* _Data block_
^^^^^^^^

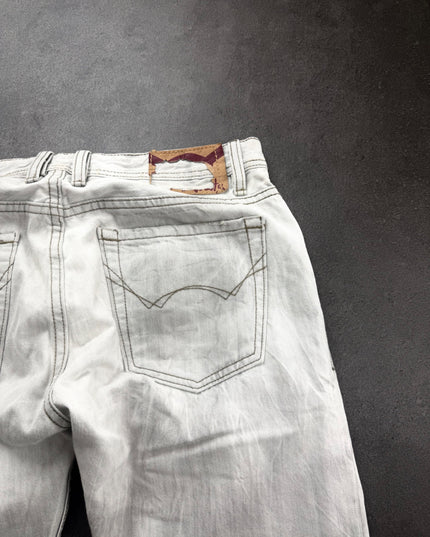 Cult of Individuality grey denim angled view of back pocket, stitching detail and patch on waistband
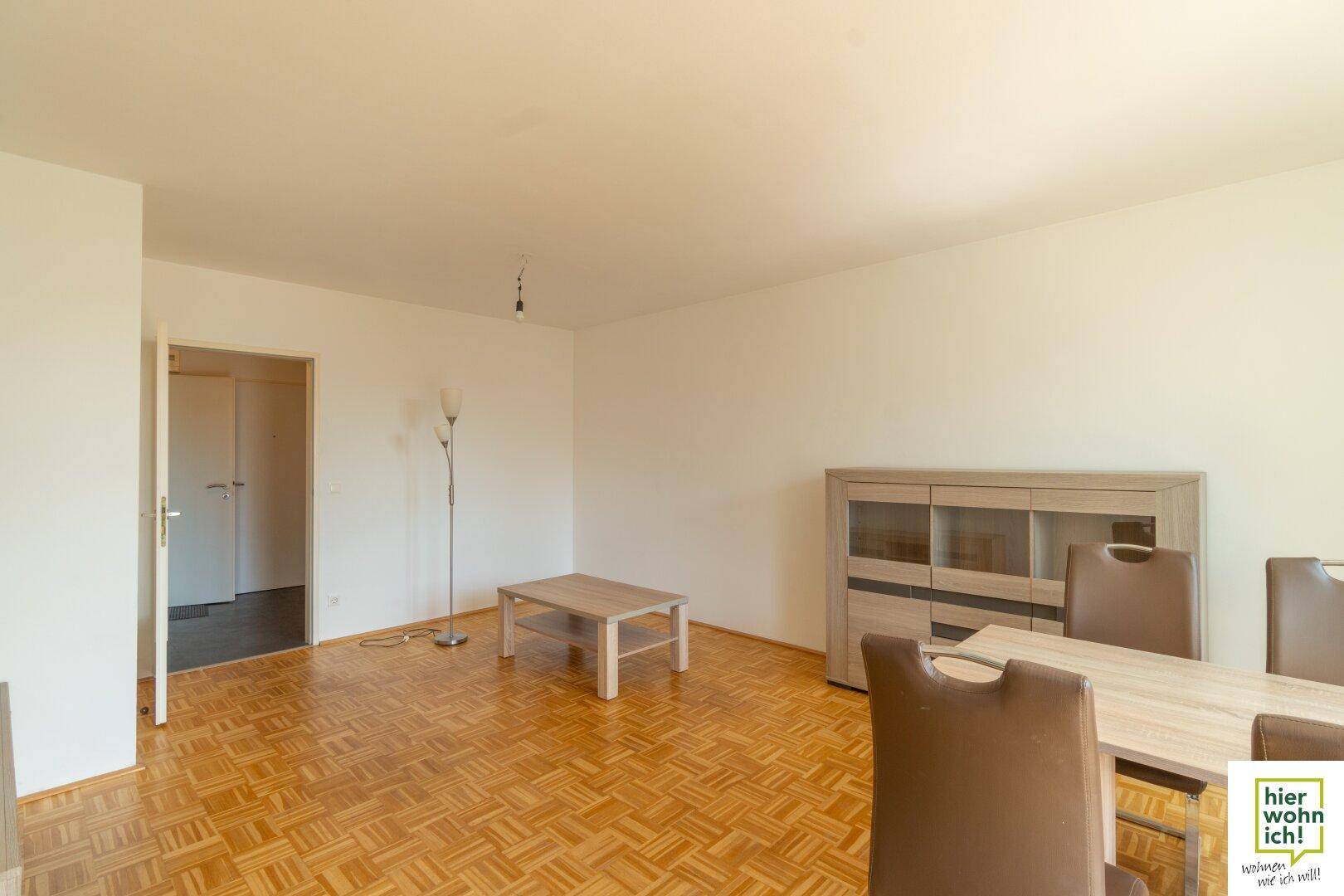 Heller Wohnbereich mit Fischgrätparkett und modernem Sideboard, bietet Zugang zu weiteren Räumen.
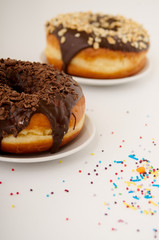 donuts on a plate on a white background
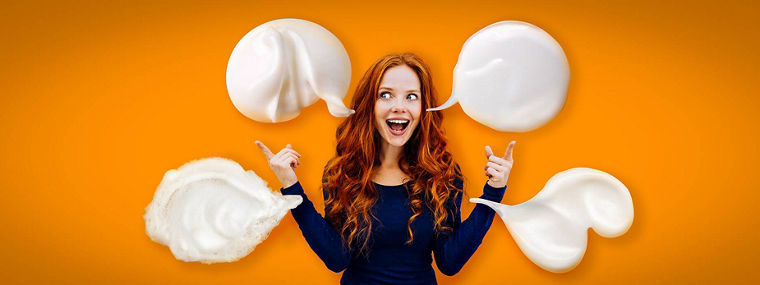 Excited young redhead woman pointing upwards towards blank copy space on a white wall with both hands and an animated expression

^^^^^^^^

* _Exercise_
The lines to be extracted begin at the line containing "Heller Wohnbereich mit" and continue through the final line of the material above, both ends included. Reproduce them exactly, without the pictures.

* _Answer to this task_
 Heller Wohnbereich mit Fischgrätparkett und modernem Sideboard, bietet Zugang zu weiteren Räumen.
 donuts on a plate on a white background
 Excited young redhead woman pointing upwards towards blank copy space on a white wall with both hands and an animated expression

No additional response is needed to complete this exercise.